Walbridge formed a circle with his thumbs and index fingers, and told listeners to look at his right thumb. It represented the southeastern section of the hurricane.
“He said he wanted to get to the southeast quadrant and ride the storm out,” said New London Dockmaster Barbara Neff. No one raised objections.
“He was a great captain,” said Neff, who’s known Walbridge for 15 years. “He knew that boat. I just don’t know that anyone would have questioned him.”
The Bounty left New London about 5 p.m. on Thursday, Oct. 25, crossed Long Island Sound and headed into the Atlantic Ocean. Its crew of 16 ranged in age from 20 to 66.

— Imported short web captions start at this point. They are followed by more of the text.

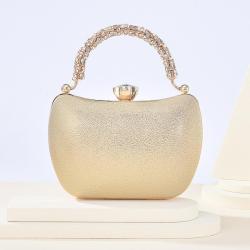 New Arrival Party Bridal Hand bags Chain Crossbody Bag Metal Rhinestones Handle Gold Evening Bags Handbag For Ladies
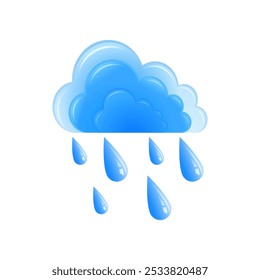 Cumulonimbus clouds or rain clouds with drops, cartoon icon for rainy weather and seasons, on white background. Vector emoji icon.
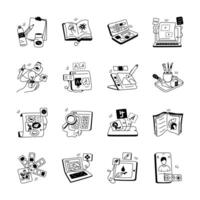 A collection of hand drawn icons representing various creative design tools and processes vector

The report from the National Hurricane Center for that hour said: “SANDY NEAR CAT ISLAND IN THE CENTRAL BAHAMAS … WIND FIELD EXPANDING.”
While people may have been reluctant to question Walbridge’s plan, that’s not true today. A debate is raging about his decision to go to sea with a monster storm looming. At least three tall-sailing-ship captains have said they would not have tried that passage with Sandy barreling northward.

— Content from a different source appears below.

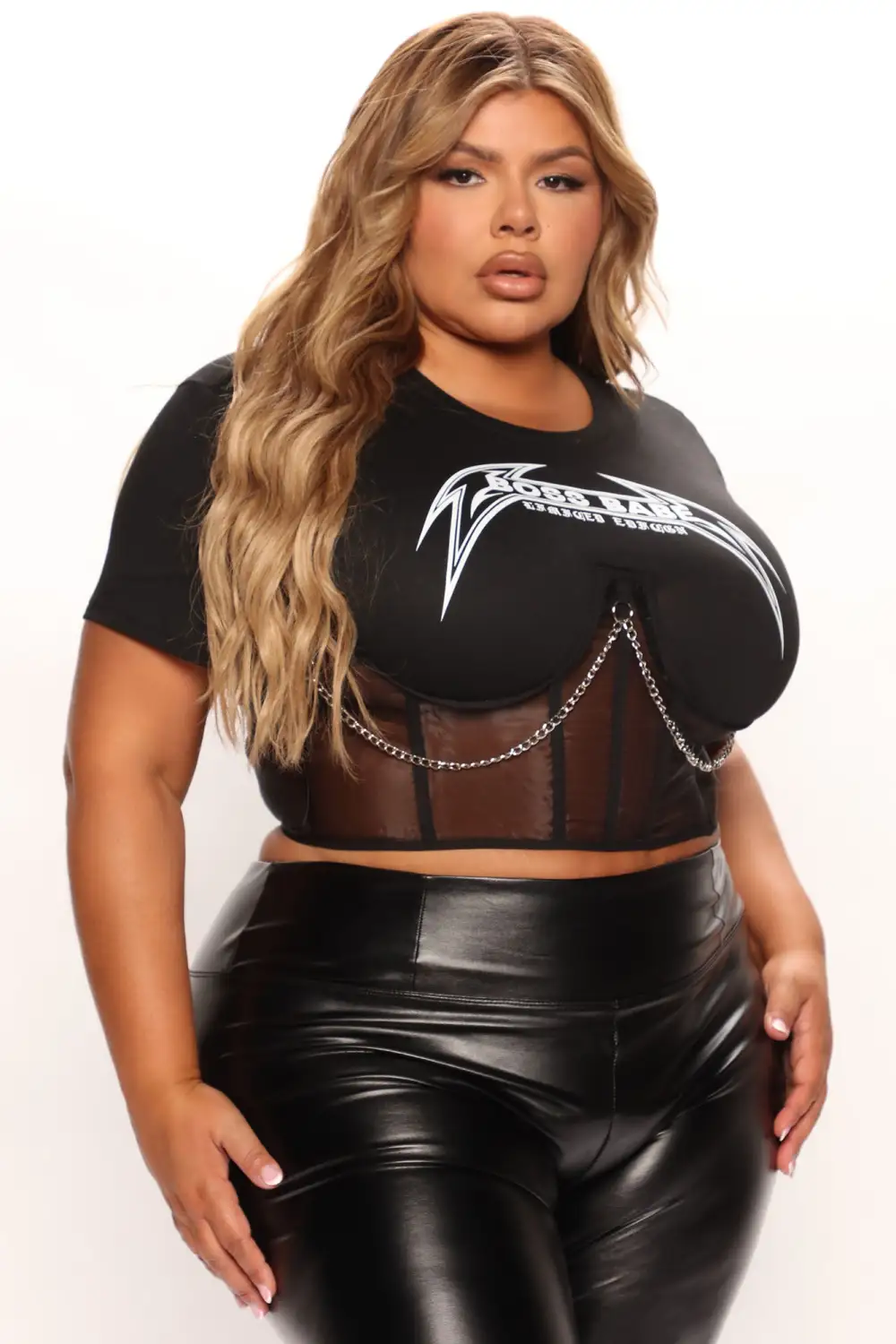 Boss Babe Corset Tee - Black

The Bounty, built for the 1962 movie “Mutiny on the Bounty,” went down early Monday about 90 miles off Cape Hatteras, in a treacherous and unpredictable area known as the “Graveyard of the Atlantic,” where the cold Labrador Current mixes with the warm water of the Gulf Stream. The Coast Guard rescued 14 of the 16 people aboard from 18-foot seas.
Crew member Claudene Christian was found unresponsive 10 hours later, floating in the ocean in a survival suit, but she died later.
Walbridge, 63, still has not been found. The Coast Guard called off the search Thursday night and has ordered an investigation into what happened.
Walbridge’s friends and former crew members described him as a skilled captain who had a good plan that didn’t work because of mechanical problems. The ship lost power, which meant it had no propulsion and could not pump out water, according to the vessel’s website.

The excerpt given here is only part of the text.